Government data security has never been more crucial than now in the age of the cloud and digital modernization across federal agencies. But it’s a tall order to make network and cloud access resilient and safe from data loss for a global and mobile workforce across countless federal agencies.
The challenge lies in providing a streamlined access and secure communications solution for access to applications, the network and facilities that doesn’t have inherent flaws or gaps. The VA’s lack of resilient password/access management and strong authentication identified in the 2018 FISMA Audit is just one example.
There are, however, several initiatives and approaches taking root to combat these problems. The overriding goal is to achieve the network resilience and data security that government and military environments must have in the digital age.
Moving to Zero Trust in Federal Agencies
There has been a great deal of discussion and planning for implementation of a Zero Trust (ZT) approach in federal agencies. The timing isn’t a coincidence as cloud and mobility take center stage during current Federal IT modernization initiatives. Numerous outlets including Federal News Network and GovLoop report that a ZT pilot program could start in the summer of 2019 with support from OMB and others surrounding FISMA.
ZT concepts like public key infrastructures (PKI), common access cards (CACs) and personal identity verification (PIV) cards are not new. More than just a single source of truth for employee identity, ZT is about placing zero trust in people, devices, and applications. Its overall goal is to authenticate and authorize absolutely everyone regardless of location or device.

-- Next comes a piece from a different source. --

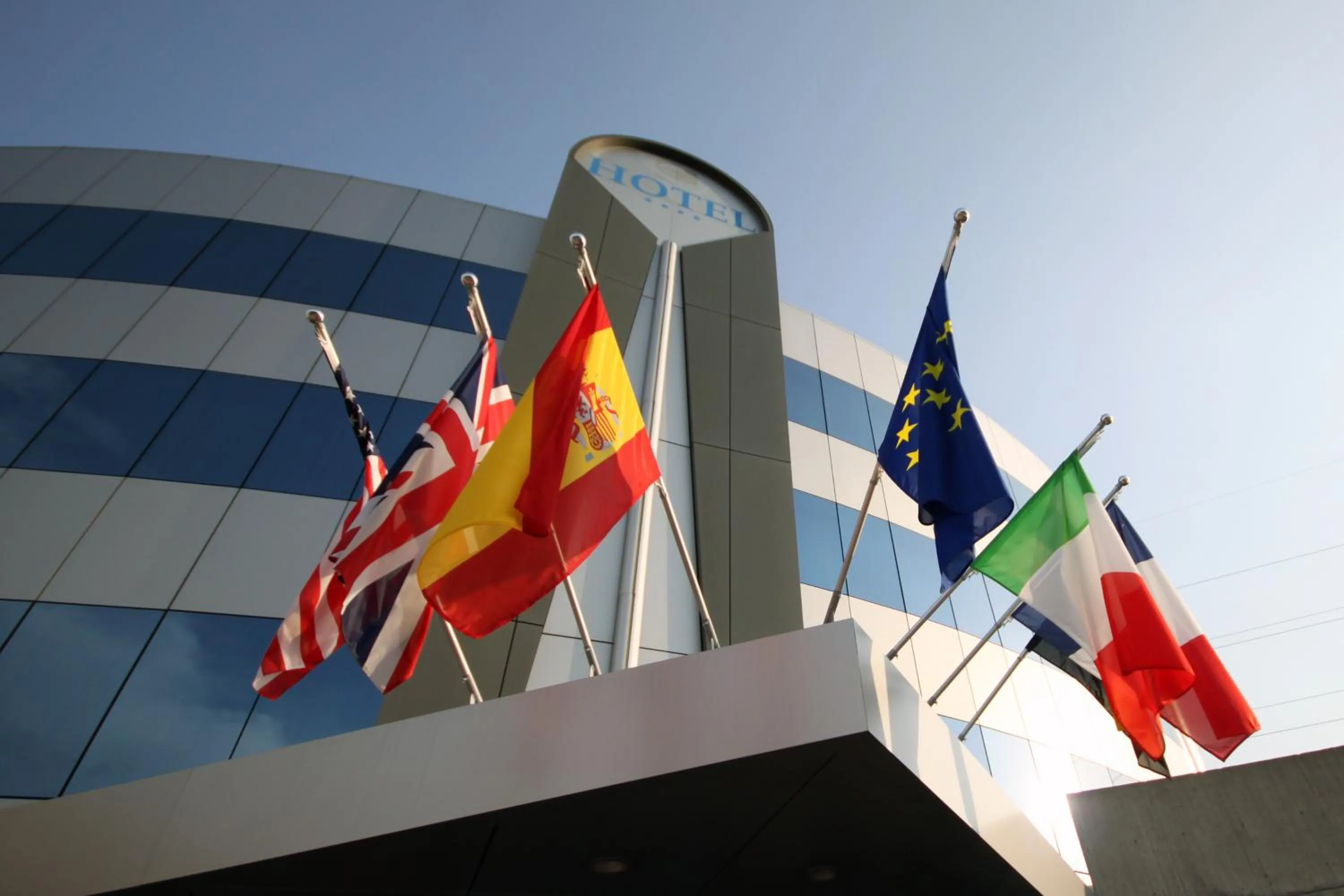 Day, Property Building in Executive Bergamo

In a cloud-based world where applications no longer live in a centralized data center, ZT is the ideal approach to global and mobile personnel operating beyond the edge of the network. It decreases the need for complex systems within security architecture and creates a more transparent and manageable identity access authorization process.
Federal Personal Identity Verification (PIV) use cases for access control
Personal Identity Verification (PIV) Cards have become a central building block in government data security and identity access management within federal agencies. It makes countless use cases possible through access to facilities, systems, networks, applications, communication, and desktops. The ability to make PIV a uniform approach throughout all federal agencies in a holistic integration with ZT is the next step in the evolution of identity access management (IAM).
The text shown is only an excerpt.